_ASSIGNMENT:_ Reproduce exactly, and only, the lines below from the one containing "Classic mirrored TV" through the one containing "一个米字加一个子字是什么字怎么读".

::: PROVIDED MATERIAL

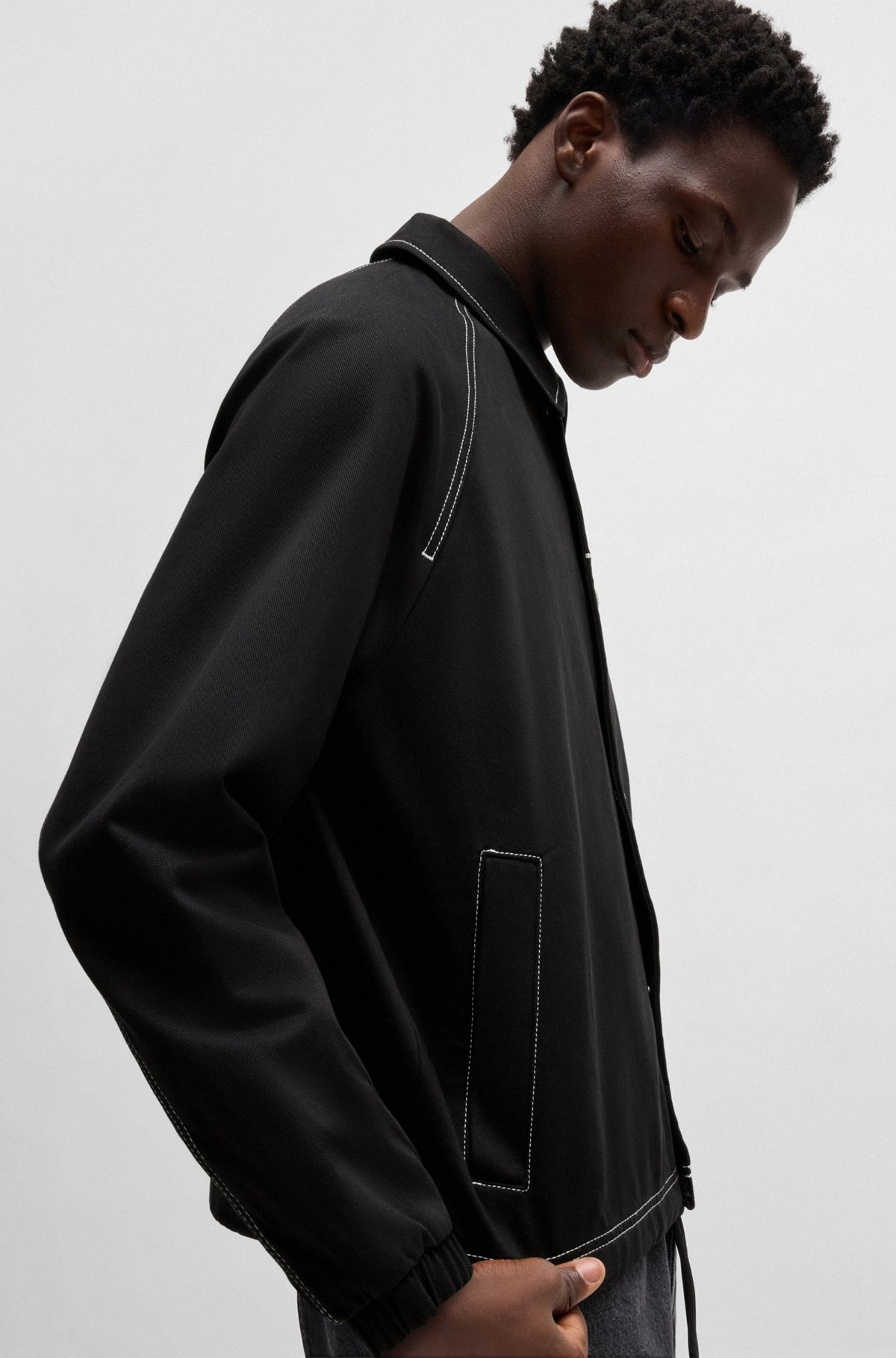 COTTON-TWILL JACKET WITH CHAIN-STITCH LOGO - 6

::::::
::: PROVIDED MATERIAL

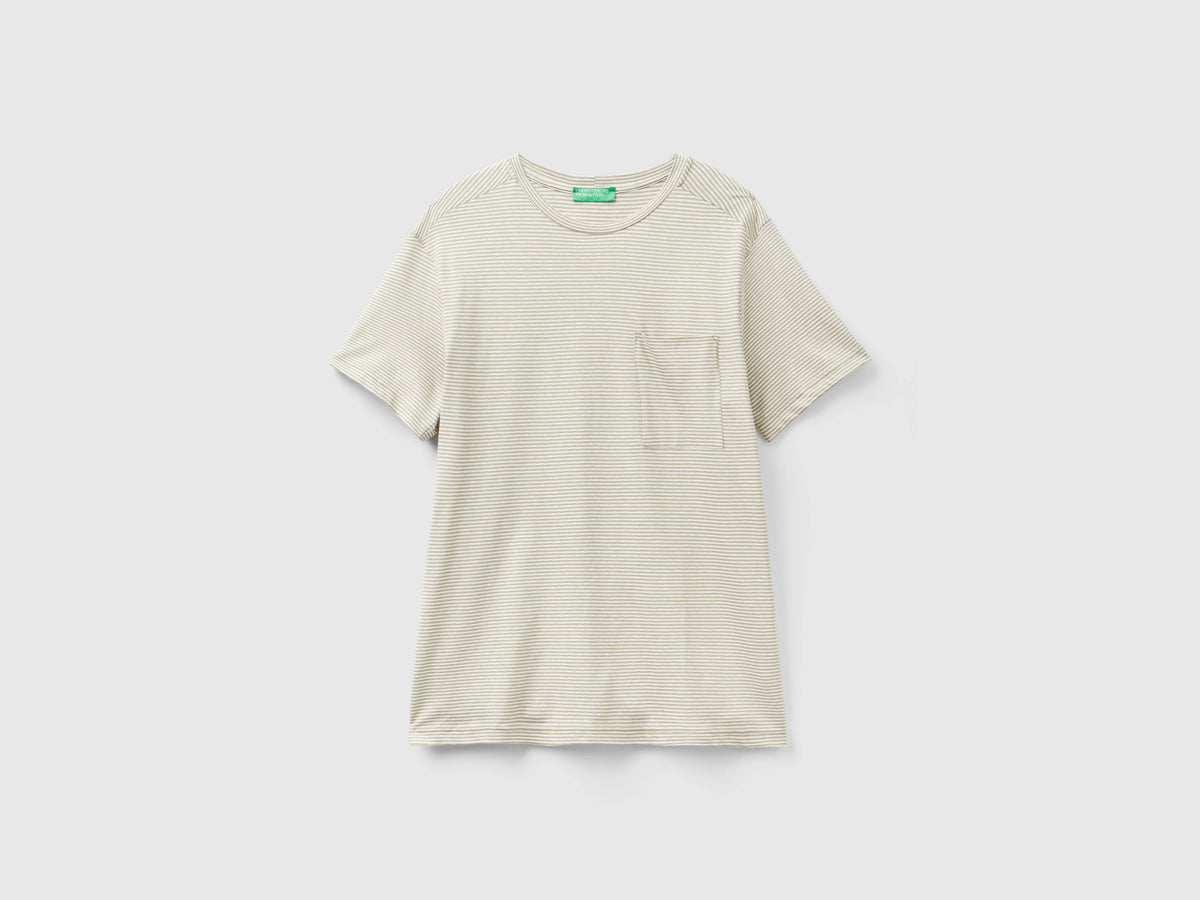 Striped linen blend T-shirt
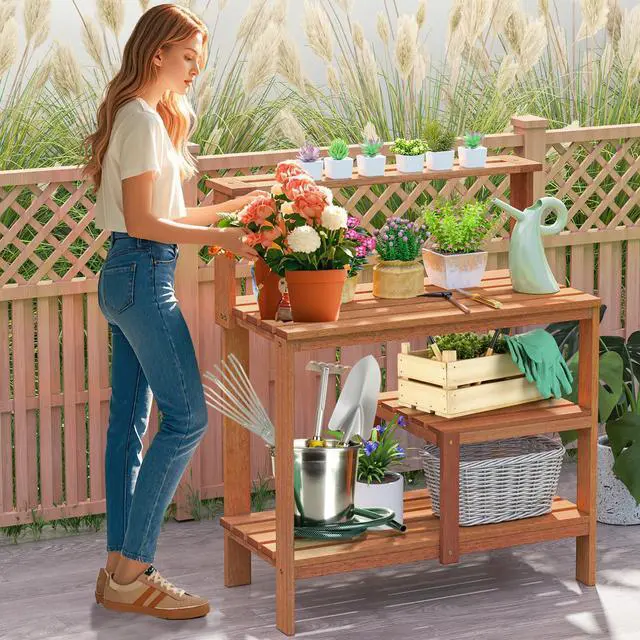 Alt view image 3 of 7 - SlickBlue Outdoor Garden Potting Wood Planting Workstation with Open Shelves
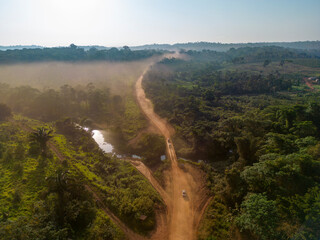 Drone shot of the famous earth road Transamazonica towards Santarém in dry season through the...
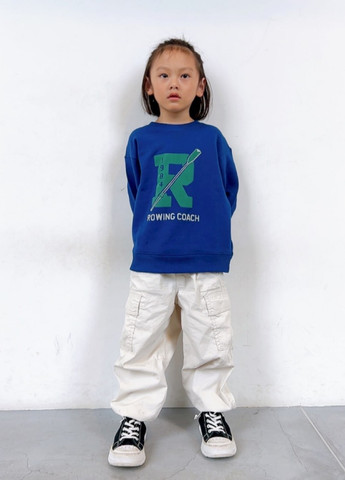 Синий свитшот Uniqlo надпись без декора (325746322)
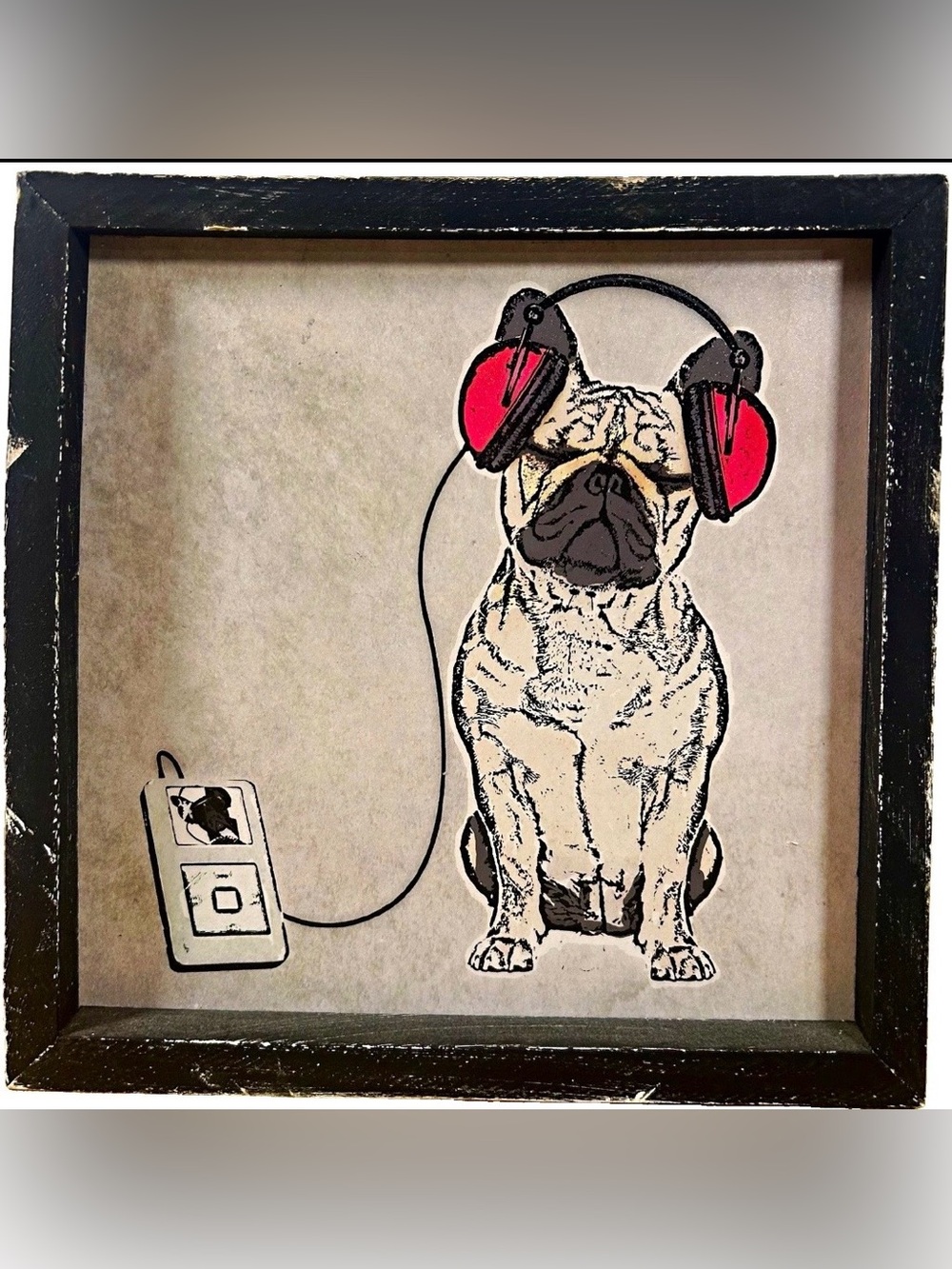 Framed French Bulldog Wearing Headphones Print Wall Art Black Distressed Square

::::::
::: PROVIDED MATERIAL

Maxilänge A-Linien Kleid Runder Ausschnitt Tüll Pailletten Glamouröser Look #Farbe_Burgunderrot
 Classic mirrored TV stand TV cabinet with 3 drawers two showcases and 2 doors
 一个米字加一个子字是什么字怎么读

::::::

_ANSWER TO THIS PROBLEM:_
 Classic mirrored TV stand TV cabinet with 3 drawers two showcases and 2 doors
 一个米字加一个子字是什么字怎么读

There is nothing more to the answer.